*Dataset content*.
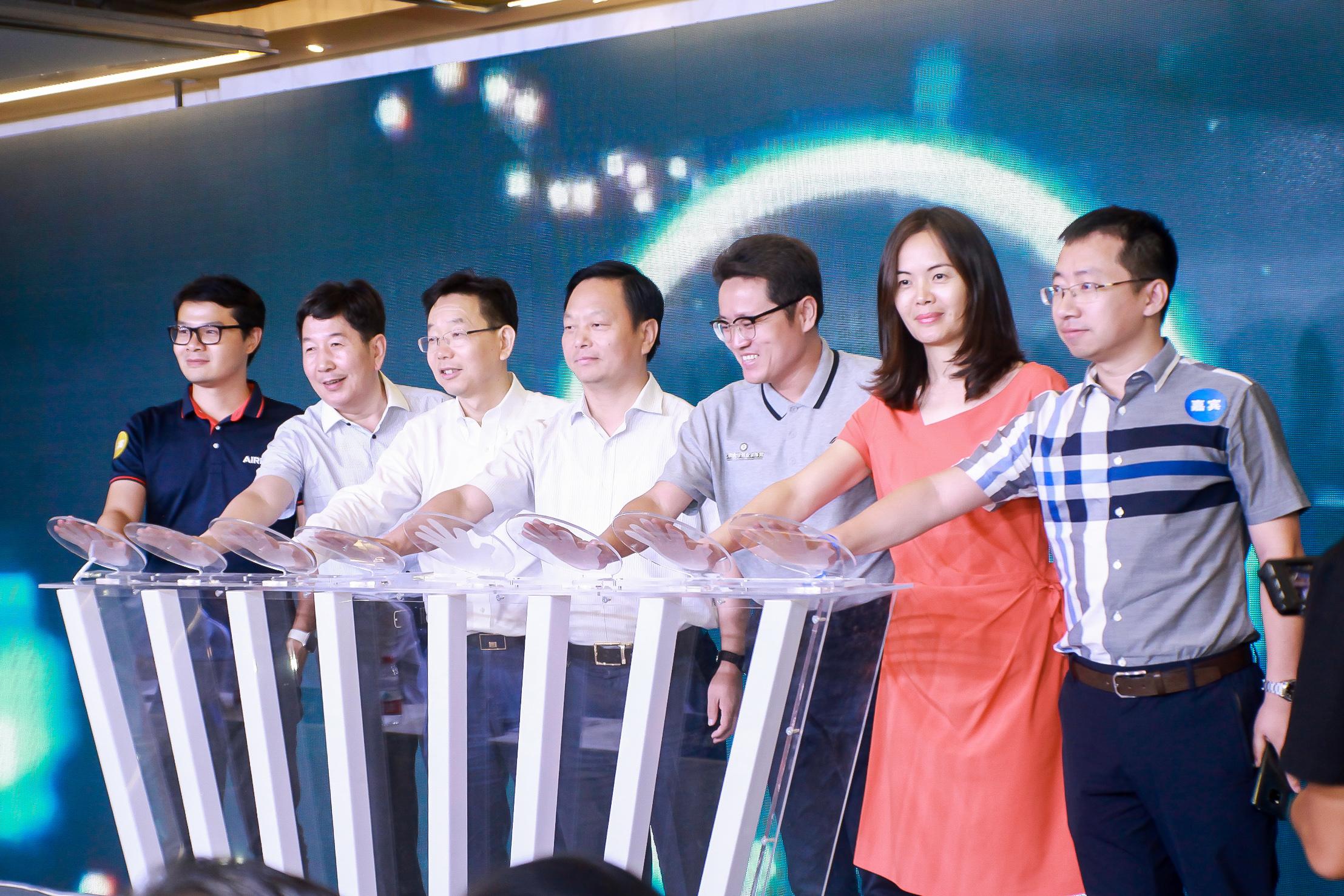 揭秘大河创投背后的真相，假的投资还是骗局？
--
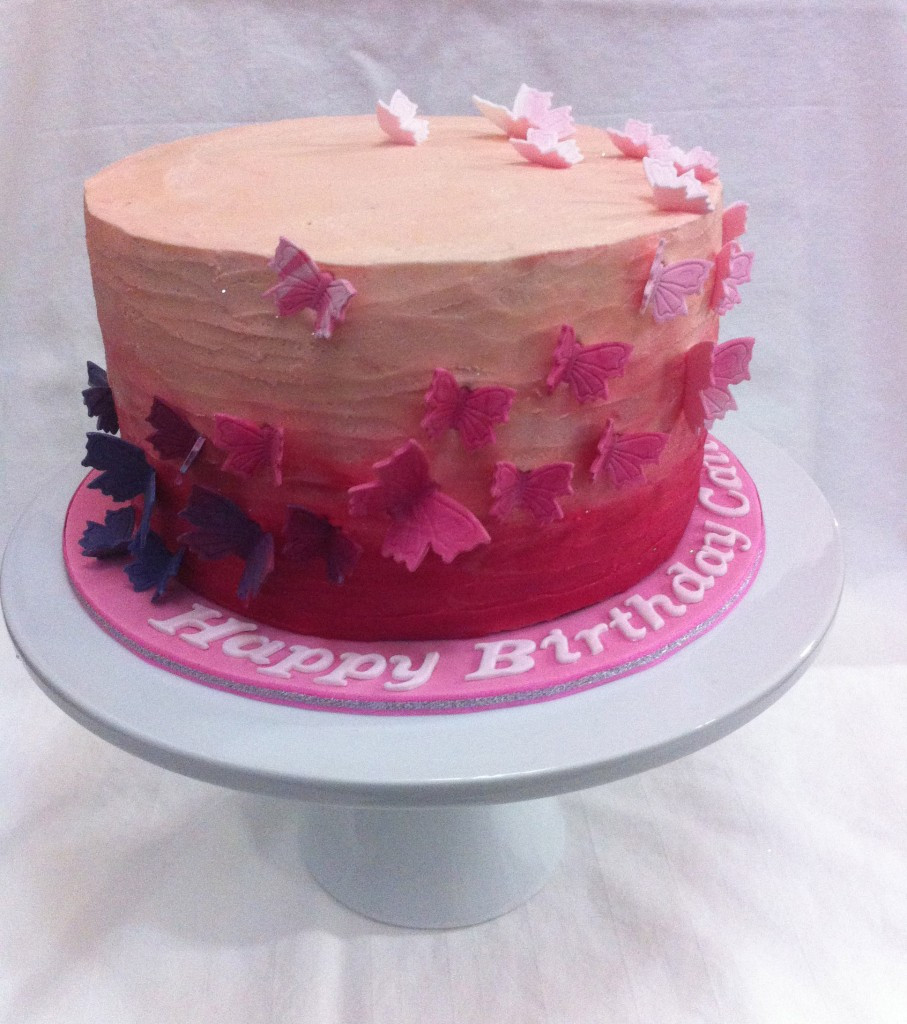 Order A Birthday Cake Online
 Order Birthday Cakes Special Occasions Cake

*Your task*. Among the entries above, take the lines from the one with "Order A Birthday Cake Online" through the one with "Order Birthday Cakes Special Occasions Cake" and retype them exactly, leaving out the pictures.

*Completed exercise*.
 Order A Birthday Cake Online
 Order Birthday Cakes Special Occasions Cake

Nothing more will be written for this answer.